I was born in Newcastle upon Tyne, England, and at the time of writing this I am 61 years old. I attended a state grammar school, got my law degree in Manchester and became a solicitor. Most of my practicing life has been as a criminal defence advocate.
I didn’t start writing fiction until about 10 years ago. My intention was to write a collection of fairy tales I had created years before – our daughter, now 26, and her cousins were subjected to them when they were young – but that plan was waylaid. Once I made the decision to write, other ideas I had conjured over the years began to coalesce. After just one day, the plan of the Te’an Trilogy was looking up at me from my desk: from the opening scene on the spider planet, to the fall of the curtain in the third volume, where … Anyway, it was all there.
So, why did it take me 6 years to write the first volume? Well, it was over 600 pages, but that wasn’t it. It was the day job. I was limited to writing occasionally at night, a few hours at the weekend, and during holidays when we weren’t out-and-about. As my wife lay in the sun, I typed in the shade – not too much of a problem as I’m very sun sensitive; on a cloudy day I can burn from reflections off a spoon, resting on a picnic table, miles away.
When the book, The Alpha Choice, was uploaded to Amazon I was raring to go on the second volume, The Omega Switch, but then, out of the blue, things took an unexpected turn.
My wife and I were in Jesmond, I don’t remember why, and she wanted to call into Waitrose – one of the smaller shops on a high street, with no dedicated parking. The streets around there are devoid of available parking spaces at any time of the day, and I couldn’t park on the double yellow lines. So I set off on a circuit of the streets around the shop … three circuits to be precise.
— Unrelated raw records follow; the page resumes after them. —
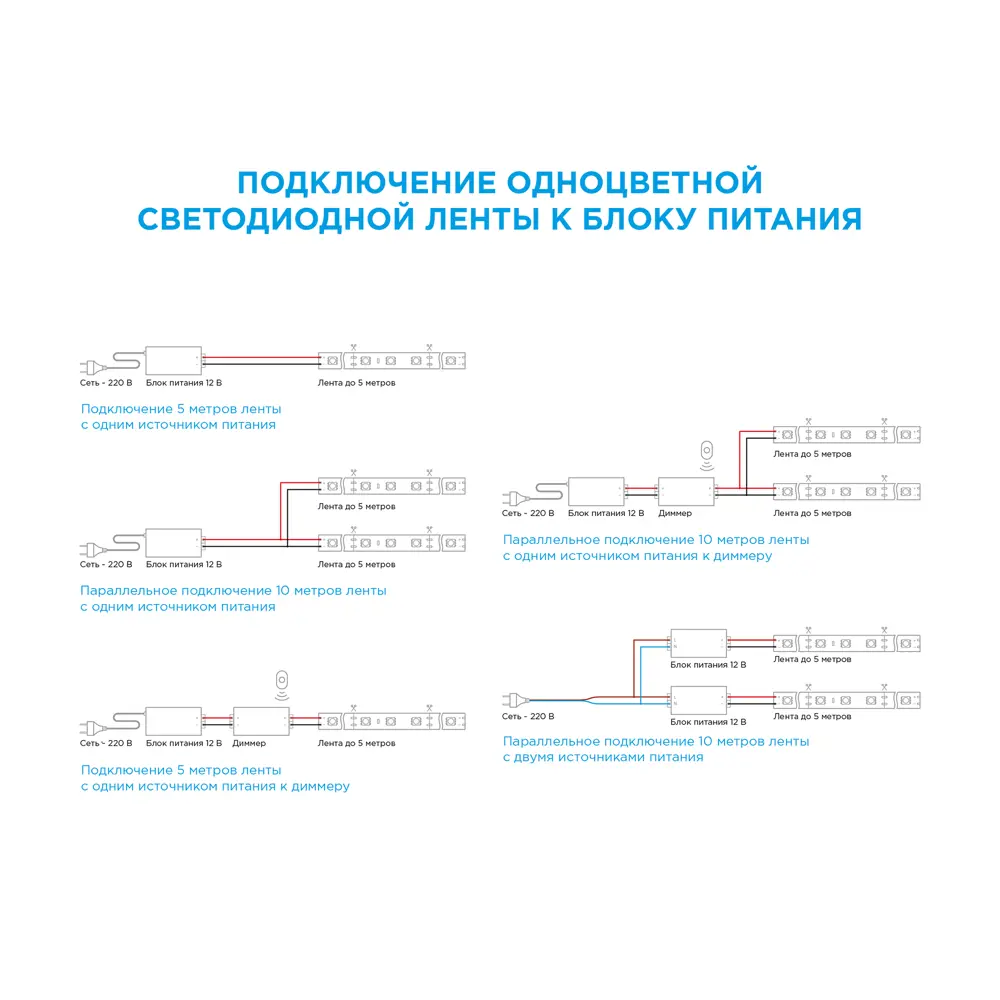 Фото 16 Светодиодная лента для потолка SMD 2835 120 диод/1400 Лм/14.4 Вт/м 12 В IP20 2 м теплый белый свет Фото 16 Светодиодная лента для потолка SMD 2835 120 диод/1400 Лм/14.4 Вт/м 12 В IP20 2 м теплый белый свет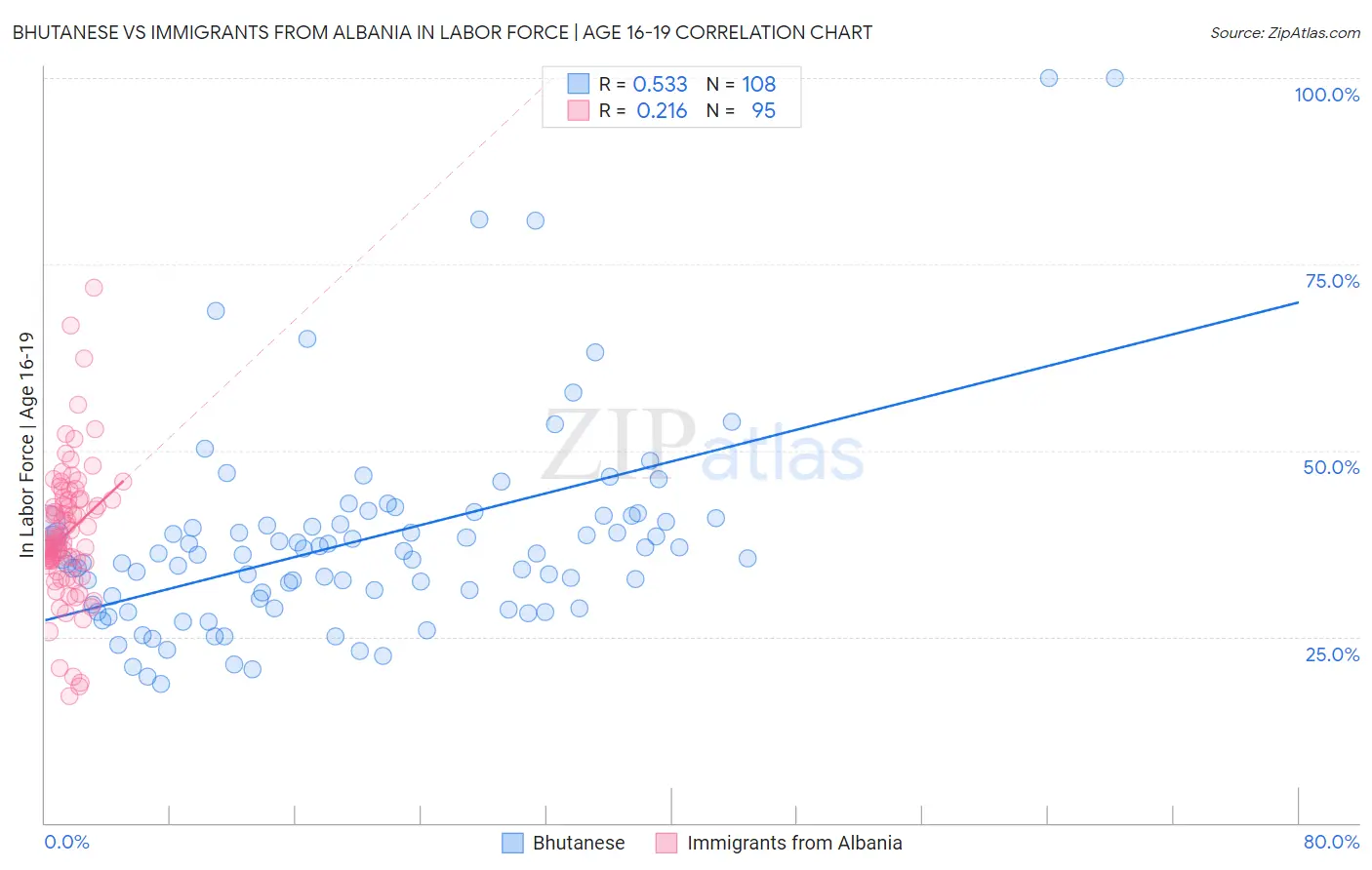 Bhutanese vs Immigrants from Albania In Labor Force | Age 16-19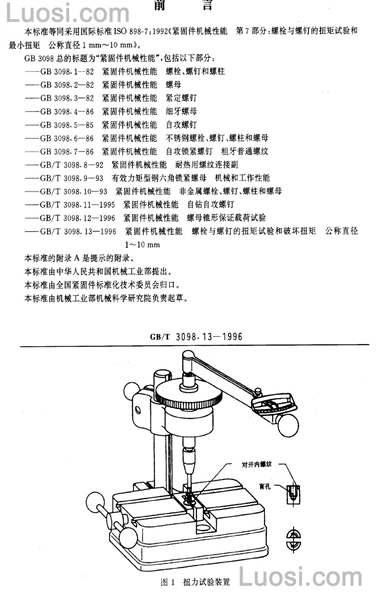 3098 GB/T 3098.13-1996 紧固件机械性能 螺栓与螺钉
Ten minutes later, I was approaching the shop and glanced towards the exit doors. There was my wife, carrier bags in hand, walking towards the pavement. I looked in my rear view mirror, saw a large delivery van about twenty yards behind me, indicated and pulled up, and that’s when it happened. The van trundled ahead, and exposed his rear gunner: a small white van with a roof-mounted camera. It swept past me with all the menace of a Dalek.
Two days later – it was a Saturday – the parking ticket arrived. Boy, were they quick off the mark. On the surface, I was very philosophical, but throughout the day varying scenarios popped into my head. All of them involving a traffic warden called Derek – don’t ask why he was called that, it happened without any conscious thought on my part … He just had to be Derek.
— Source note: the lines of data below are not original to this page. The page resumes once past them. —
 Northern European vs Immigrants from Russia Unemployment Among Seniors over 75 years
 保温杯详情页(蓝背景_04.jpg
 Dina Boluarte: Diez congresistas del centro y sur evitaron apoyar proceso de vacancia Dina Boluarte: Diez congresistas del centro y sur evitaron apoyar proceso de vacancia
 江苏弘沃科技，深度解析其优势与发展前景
By midnight, I had written a story about the travails of Derek, a particularly unpleasant traffic warden. Yes, before you ask, the writing did have a cathartic effect.
I mentioned this to a friend some weeks later and she asked for a copy of the story. Two months passed before we met again, and she told me that she had passed it around her friends. By all accounts they liked it – maybe it had something to do with Derek’s comeuppance – yet more interestingly, they all wanted to know more about a mysterious old man, on the periphery of the story. Was he the Devil? They had asked. That was all I needed. Samuel Prite was born. I’ve since written a total of thirty-three Mystery and Misadventure stories, each involving Samuel, to a greater or lesser degree. Questions are still asked about his identity, and I do release clues now and again. Twenty of the stories appear in the first two collections: Mystery and Misadventure, and Mystery and Misadventure an Old Acquaintance. The third volume, Mystery and Misadventure a Reunion, will be released before the end of 2016.
Now you know what, or who, got in the way of The Omega Shift.
When I’m not writing, my spare time involves ingenious avoidance tactics around being dragged into the garden by my wife. She has the green fingers and I’m supposed to be the muscle, but she’s a dynamo: shifting more weeds and clippings that I ever can.